Look below for the line with "The robot was" and the line with "And so what". Copy exactly those two lines and every line between, but not the pictures.

**Exercise inputs:**
────────

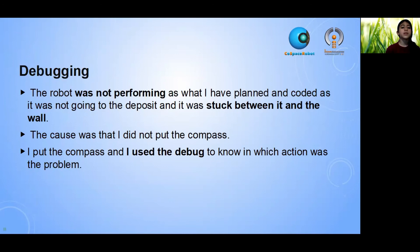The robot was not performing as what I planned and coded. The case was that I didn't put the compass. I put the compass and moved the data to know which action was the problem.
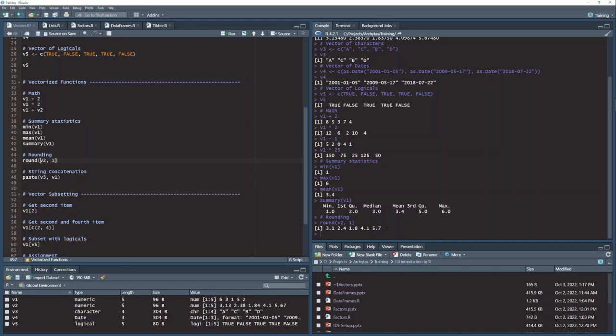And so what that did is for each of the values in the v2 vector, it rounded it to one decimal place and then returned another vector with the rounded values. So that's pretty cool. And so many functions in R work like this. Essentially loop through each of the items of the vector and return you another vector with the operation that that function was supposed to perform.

────────

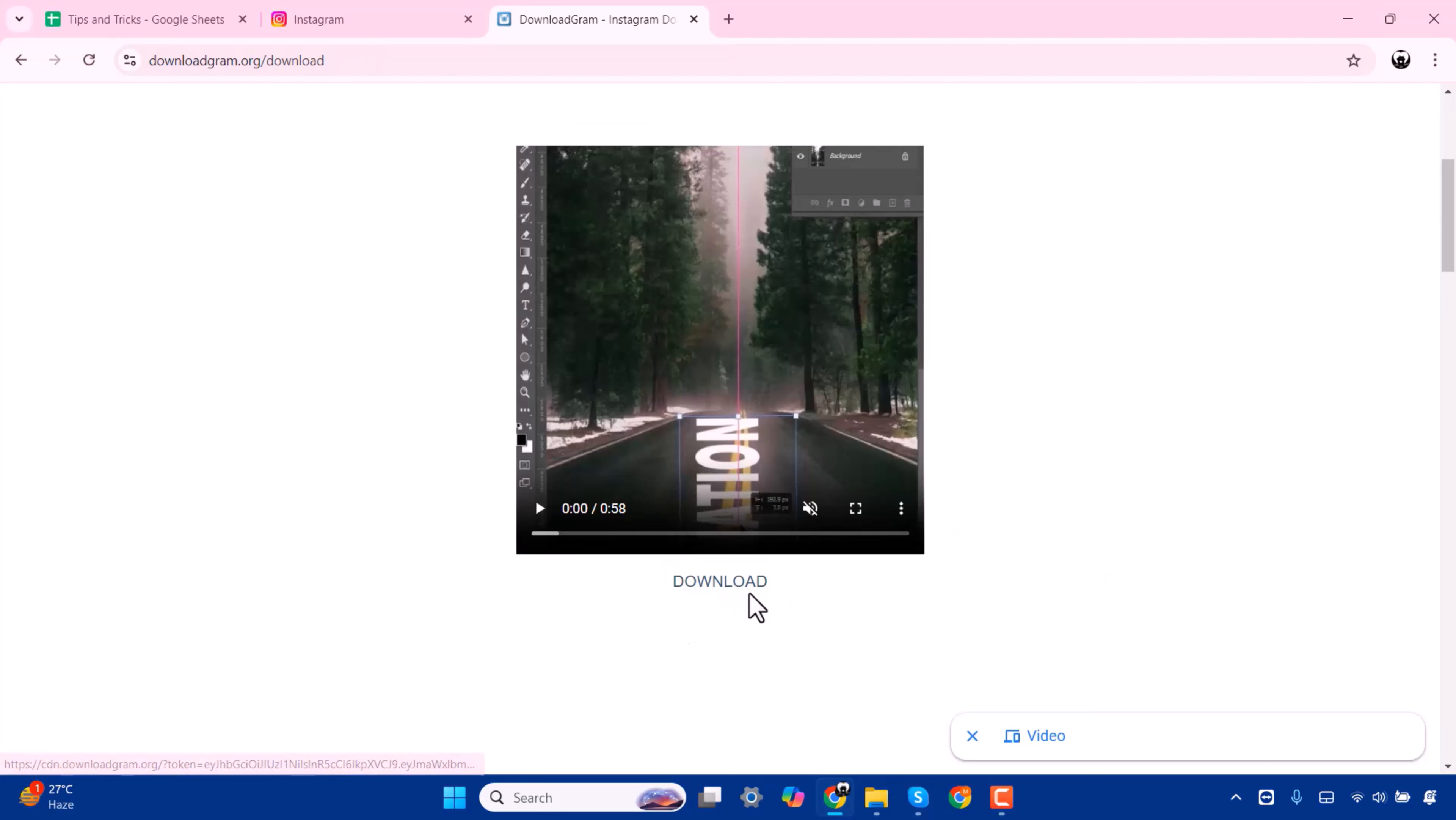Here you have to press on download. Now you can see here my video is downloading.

────────

**Output for this task:**
The robot was not performing as what I planned and coded. The case was that I didn't put the compass. I put the compass and moved the data to know which action was the problem.
And so what that did is for each of the values in the v2 vector, it rounded it to one decimal place and then returned another vector with the rounded values. So that's pretty cool. And so many functions in R work like this. Essentially loop through each of the items of the vector and return you another vector with the operation that that function was supposed to perform.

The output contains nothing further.